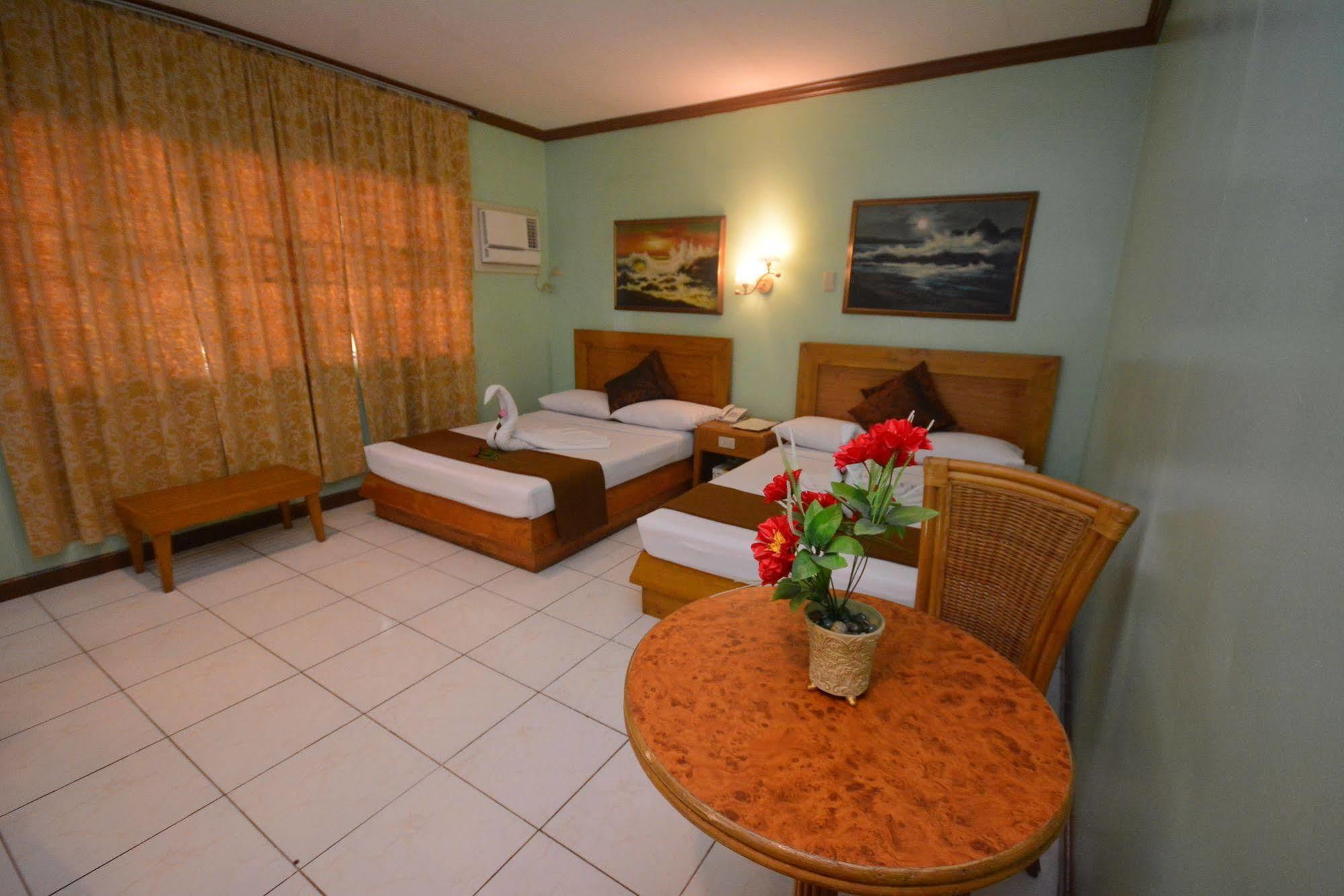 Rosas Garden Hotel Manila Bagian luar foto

※ ※ ※

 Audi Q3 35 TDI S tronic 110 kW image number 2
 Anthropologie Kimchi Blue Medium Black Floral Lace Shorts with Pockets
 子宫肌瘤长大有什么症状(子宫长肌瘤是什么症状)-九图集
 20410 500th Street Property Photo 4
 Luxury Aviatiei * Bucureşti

※ ※ ※

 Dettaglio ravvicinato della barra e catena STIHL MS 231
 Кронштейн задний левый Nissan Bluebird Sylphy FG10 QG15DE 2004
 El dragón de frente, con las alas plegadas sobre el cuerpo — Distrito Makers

※ ※ ※

→ **Directions for this task**: Return, word for word, the lines of the data above from the line with "Anthropologie Kimchi Blue" through the line with "Luxury Aviatiei * Bucureşti", inclusive.

→ **Response to the exercise**:
 Anthropologie Kimchi Blue Medium Black Floral Lace Shorts with Pockets
 子宫肌瘤长大有什么症状(子宫长肌瘤是什么症状)-九图集
 20410 500th Street Property Photo 4
 Luxury Aviatiei * Bucureşti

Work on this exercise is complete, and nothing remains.